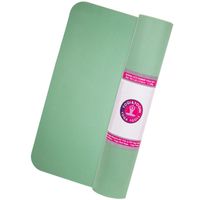 Yogi & Yogini Yogamat Rubber Groen 4 mm - 185 x 60 cm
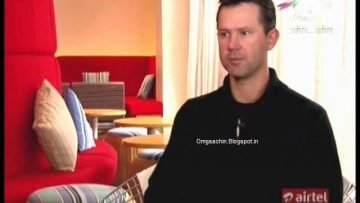 Ricky Ponting on Sachin Tendulkar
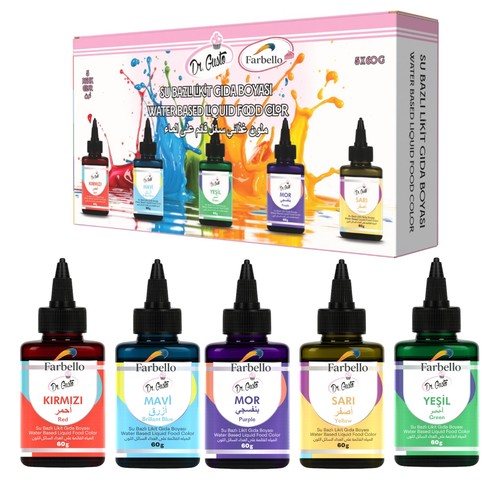 Colorante alimentare liquido - colorante,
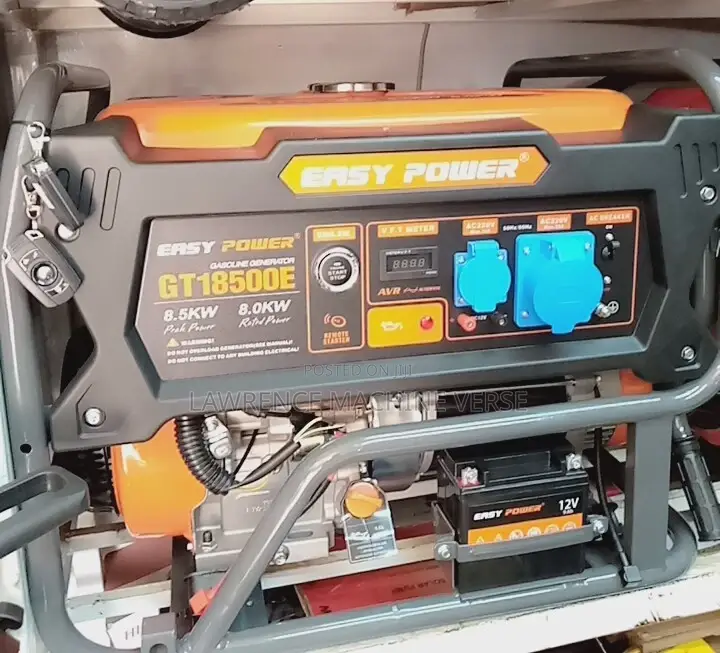 8.5kva Generator Remote and Push to Start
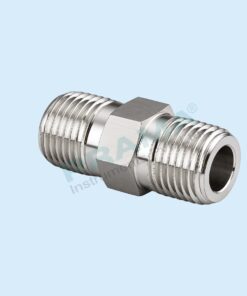 PRAMA MAKE REDUCING HEX NIPPLE NPT MALE SS316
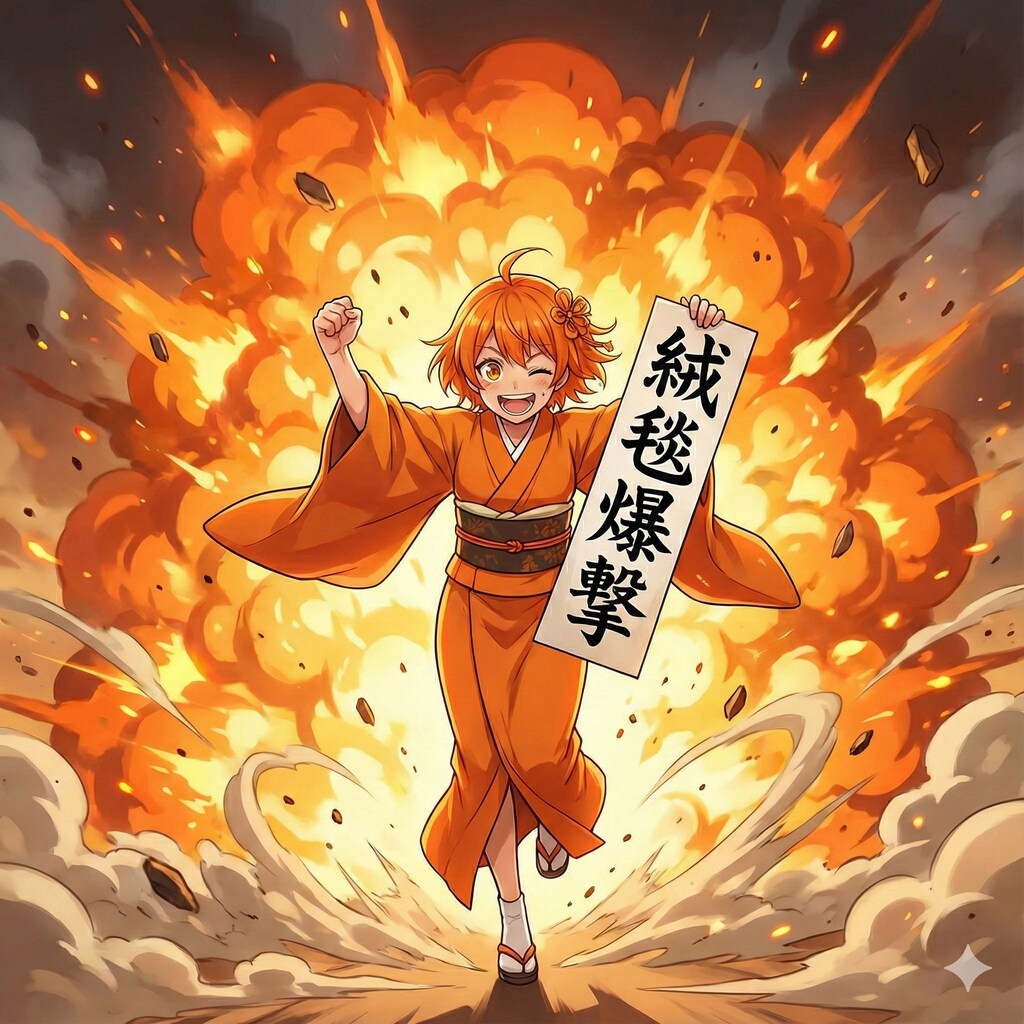 🧡彩ちゃんの書き初め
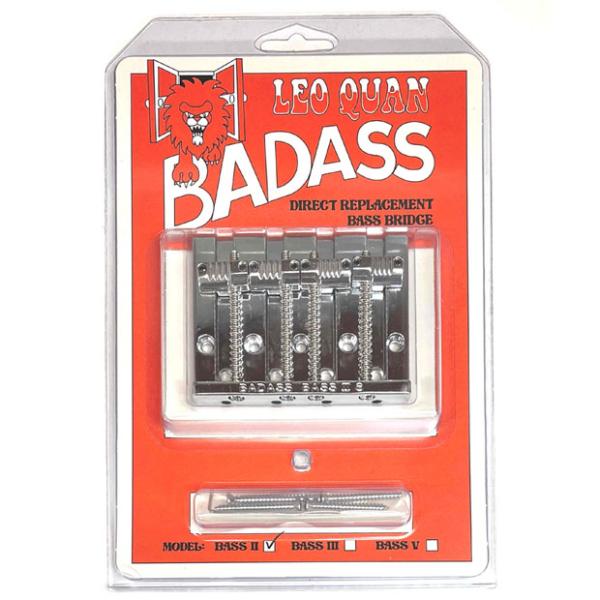 ALL PARTS BADASS バダス BASS II Chrome BB-3342-010 Le...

═══

- Problem details
Please output the records above exactly, without the pictures.

- Answer
 Yogi & Yogini Yogamat Rubber Groen 4 mm - 185 x 60 cm
 Ricky Ponting on Sachin Tendulkar
 Colorante alimentare liquido - colorante,
 8.5kva Generator Remote and Push to Start
 PRAMA MAKE REDUCING HEX NIPPLE NPT MALE SS316
 🧡彩ちゃんの書き初め
 ALL PARTS BADASS バダス BASS II Chrome BB-3342-010 Le...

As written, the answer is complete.